# [Exercise]
From the entries below, reproduce exactly the line containing "Silhouette of a", the line containing "worker top of wind turbine", and every line in between, with nothing added.

Information given: Begin

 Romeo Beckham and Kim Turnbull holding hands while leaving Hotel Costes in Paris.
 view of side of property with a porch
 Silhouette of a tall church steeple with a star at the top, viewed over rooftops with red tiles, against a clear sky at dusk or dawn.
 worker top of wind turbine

Information given: End
Information given: Begin

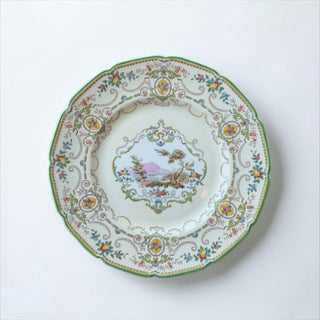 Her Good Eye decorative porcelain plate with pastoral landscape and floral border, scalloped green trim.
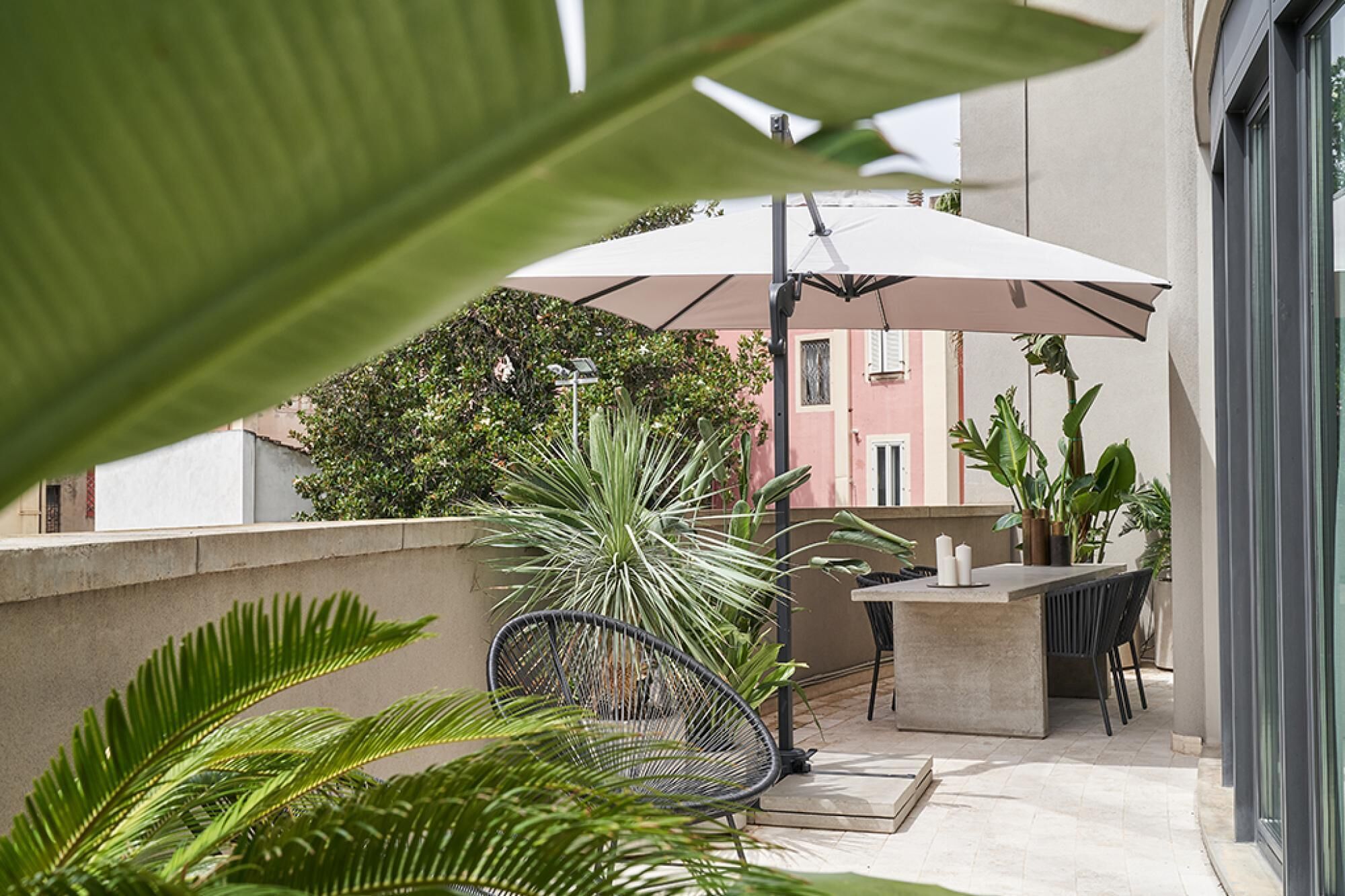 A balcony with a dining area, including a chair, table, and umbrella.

Information given: End
Information given: Begin

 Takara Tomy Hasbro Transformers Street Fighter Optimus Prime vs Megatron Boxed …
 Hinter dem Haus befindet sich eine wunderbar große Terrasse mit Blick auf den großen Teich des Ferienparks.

Information given: End

# [Written answer]
 Silhouette of a tall church steeple with a star at the top, viewed over rooftops with red tiles, against a clear sky at dusk or dawn.
 worker top of wind turbine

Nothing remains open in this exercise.